▶ **PROBLEM**: Reproduce the following entries exactly, leaving nothing out.

▶ **DATA EXTRACTS**:

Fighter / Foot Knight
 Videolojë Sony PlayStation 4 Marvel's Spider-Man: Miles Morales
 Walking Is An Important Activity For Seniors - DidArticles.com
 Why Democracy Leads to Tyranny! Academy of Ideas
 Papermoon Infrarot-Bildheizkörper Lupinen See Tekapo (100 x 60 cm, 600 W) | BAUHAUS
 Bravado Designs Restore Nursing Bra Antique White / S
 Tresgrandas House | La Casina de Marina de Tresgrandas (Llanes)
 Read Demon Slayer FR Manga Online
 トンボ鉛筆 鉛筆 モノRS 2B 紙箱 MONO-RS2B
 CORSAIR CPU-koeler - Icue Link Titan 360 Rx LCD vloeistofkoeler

▶ **ANSWER TO THE EXERCISE**:
Fighter / Foot Knight
 Videolojë Sony PlayStation 4 Marvel's Spider-Man: Miles Morales
 Walking Is An Important Activity For Seniors - DidArticles.com
 Why Democracy Leads to Tyranny! Academy of Ideas
 Papermoon Infrarot-Bildheizkörper Lupinen See Tekapo (100 x 60 cm, 600 W) | BAUHAUS
 Bravado Designs Restore Nursing Bra Antique White / S
 Tresgrandas House | La Casina de Marina de Tresgrandas (Llanes)
 Read Demon Slayer FR Manga Online
 トンボ鉛筆 鉛筆 モノRS 2B 紙箱 MONO-RS2B
 CORSAIR CPU-koeler - Icue Link Titan 360 Rx LCD vloeistofkoeler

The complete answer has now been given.